Ok, but let's talk about #3. I've beta read a few books by writers who first warned me about how "dark" and "disturbing" it supposedly is, and every single one of them was so disappointingly bland. Every single one, I swear.
I am beginning to wonder if these people were never exposed to any dark and disturbing stories, so that's why their work is not as impressively dark/disturbing as they personally think it is.
Some parents and/or communities do restrict what their youth can access to read.
It's a possibility to consider. Maybe ask them to name a book they have read that they thought was dark, that should help us to gauge their personal scale.
Yeah, that why I always make the distinction of it’s dark and disturbing FOR MY WRITING. I learned that when my best friend and I started beta reading each other’s books and I warned him that mine is dark and he said he didn’t think his was that dark.
My book had some abusers, decapitated guards, the gruesome death of a mugger, and family death in it; his book opened with literal mass genocide and got gorier from there. 😂
@@bi-indigenous-baker5865 I bet that was a shock lol
@@GaleForceKaif yeah, I knew one of his main characters was a genocide survivor; I just thought that it would be backstory. 😂
And it’s especially funny because he is normally the sweet and innocent one of us. 😂
To be honest, I’m more excited about the story line I made up rather than actually writing books for a living. I hope this is normal, as I can’t think of any other book I would want to write. Once I finish this book, I guess I’ll brainstorm another, but I can’t just abandon this world I have created.

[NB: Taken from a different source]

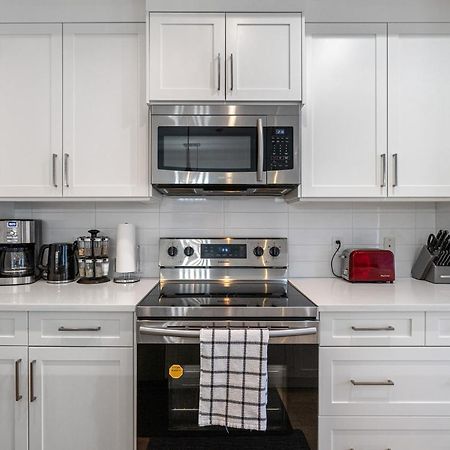 Luxury Spacious Private House Near City Centre YYC Exteriér fotografie
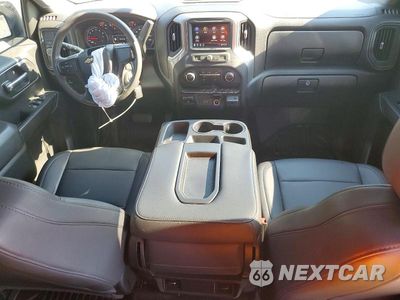 Zdjęcie 8 z 12 samochodu: 2020 CHEVROLET SILVERADO C1500 VIN:1GCRWAEFXLZ304624 - miniatura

I don’t want to stretch it out into a series either. I want to compress it all into one really good book.
Like this comment if you agree. Or not, this video is probably already outdated.
"Godyssey" is the name of a really dumb comic book from the '90s.
10:55 I am currently in highschool, wanting to become an animator, and I can tell you from my perspective, this is a problem that I still continue to struggle with when I'm out of ideas. Thank you Jenna Moreci !
"Don't engage with your critics." Good policy all around. Read the comments if you dare. They may have a point. Or they could be hatin because you included some LGBTQ people. How about reading the 2 or 3 star reviews, the ones that aren't so extreme?
I think the 2-4 star reviews are probably the ones you can actually learn from as an author. They don’t just say “this book sucks” or “this book is perfect”, so they will most likely point out whatever it was that they didn’t vibe with. For the most honest and raw critique I would turn to the 2 or 3 star reviews. A lot of people use 4 stars for books they really like but save 5 stars for their all-time favorites so these might not contain as much information as the lower ones.
I read some bad reviews for books where people were complaining there wasn't any/enough of them.
Honestly, if that's the only complaint people have I'd consider my books a success.
No one's going to stifle my creativity with a bunch of check boxes.
Would it be okay to ask about a clarification if one does not get a point? Or is that too much engagement. I got some critics (by editors) where I had to ask what exactly their point was, because they did not express it very well.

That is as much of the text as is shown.